Militaria
Gli USA perdono un jet stealth F-35B in un «incidente» inspiegabile
Un caccia stealth F-35B del Corpo dei Marines degli Stati Uniti si è schiantato e ha preso fuoco presso la base aerea dei Marines di Miramar a San Diego, in California, venerdì, causando apparentemente la perdita totale del velivolo, del valore di 109 milioni di dollari, stando alle immagini riprese sul luogo dell’incidente.
Le squadre di emergenza sono intervenute intorno alle 10 del mattino, ora locale, per quello che i militari hanno definito un «incidente di classe A», la categoria che identifica gli incidenti più gravi.

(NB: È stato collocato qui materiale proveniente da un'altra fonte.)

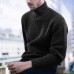 Mens Cotton Loose High Collar Warm Long Woolen Sleeve Casual Pullover Sweaters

Il velivolo apparteneva al Marine Aircraft Group 11 della 3rd Marine Aircraft Wing.
«Il pilota si è eiettato ed è stato trasportato in una struttura medica locale in condizioni stabili per accertamenti e cure a causa di lesioni non mortali», ha dichiarato il Corpo dei Marines in un comunicato successivo, aggiungendo che l’incidente è avvenuto sulla pista di volo della base.
Le immagini riprese sul posto mostravano una densa colonna di fumo nero che si innalzava sopra la base. Un video aereo mostrava il jet bruciato adagiato in un campo di terra battuta vicino alla pista, mentre militari e vigili del fuoco circondavano il relitto.
JUST IN: An F-35 caught fire after a mishap at Marine Corps Air Station Miramar in San Diego on Friday morning. Emergency crews responded to heavy smoke around 10 a.m. Cause under investigation.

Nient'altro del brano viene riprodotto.